[Work required] An exact copy is needed of the lines from the one that contains "Tefia. Перманентная крем" through the final line of the data below, with pictures left out.

[Information supplied]
_ _ _
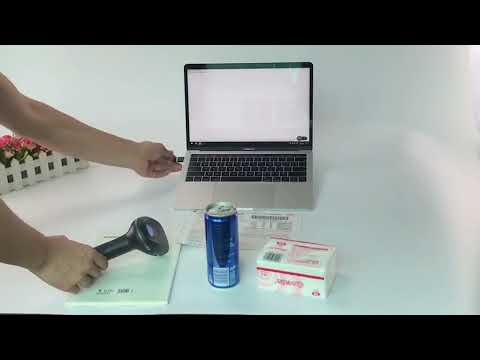 NETUM Barcode Scanner Supermarket  Retail Store QR Code Scanner, Spec: Wired Red Light - YouTube Video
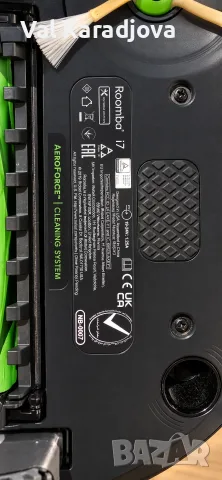  iRobot Roomba i7 , снимка 4 - Прахосмукачки - 56345012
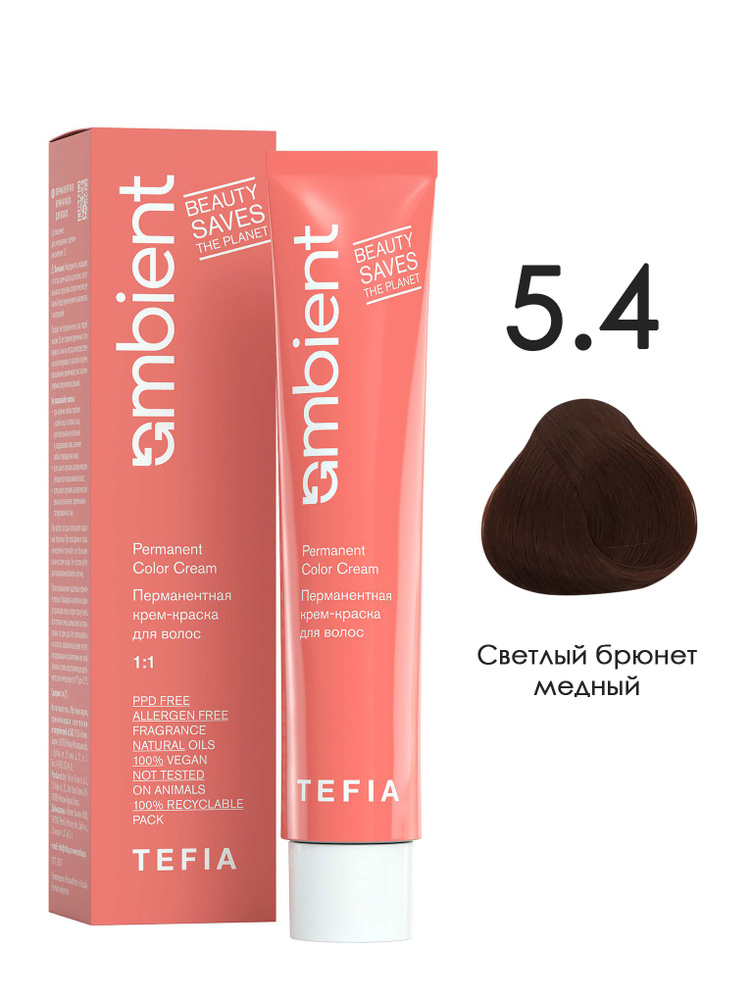 Tefia. Перманентная крем краска для волос 5.4 Светлый брюнет медный AMBIENT Permanent Color Cream 60 #1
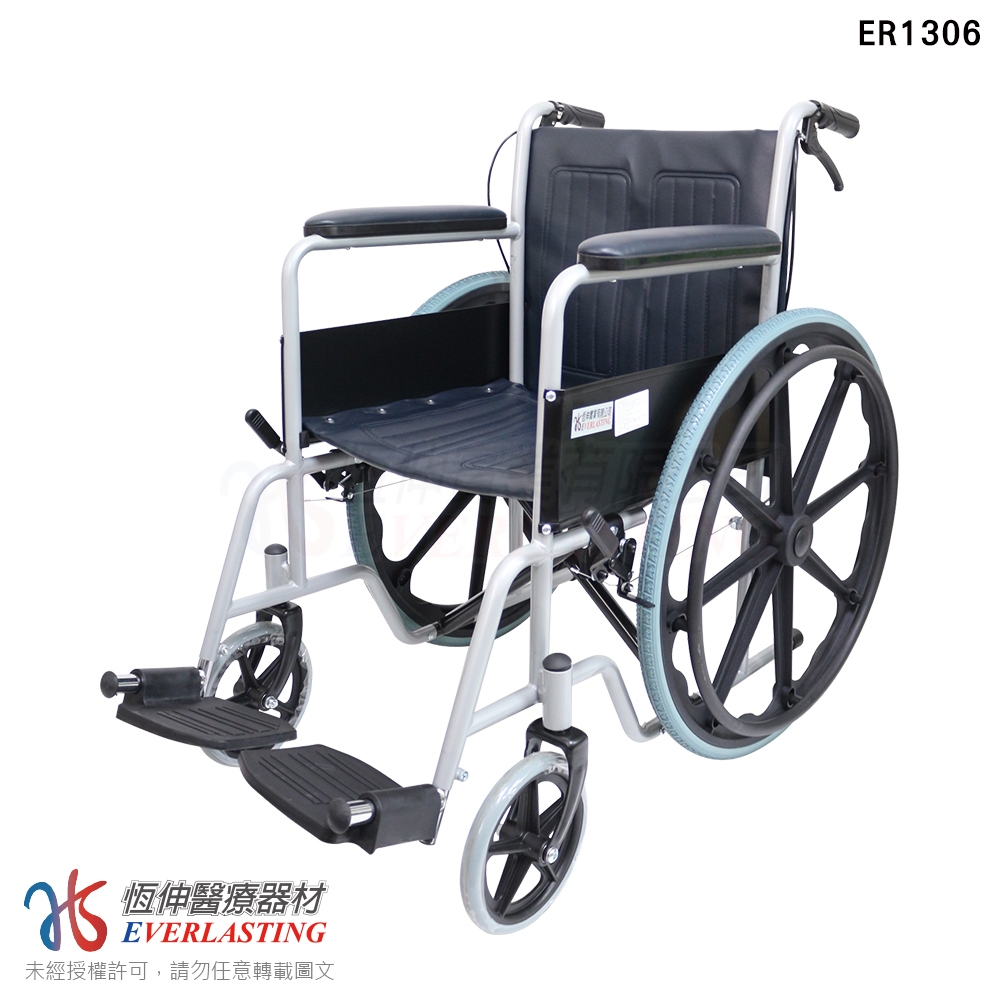 [恆伸醫療器材]ER-1306 鐵製輕量化烤漆雙煞輪椅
_ _ _
[Exercise response]
 Tefia. Перманентная крем краска для волос 5.4 Светлый брюнет медный AMBIENT Permanent Color Cream 60 #1
 [恆伸醫療器材]ER-1306 鐵製輕量化烤漆雙煞輪椅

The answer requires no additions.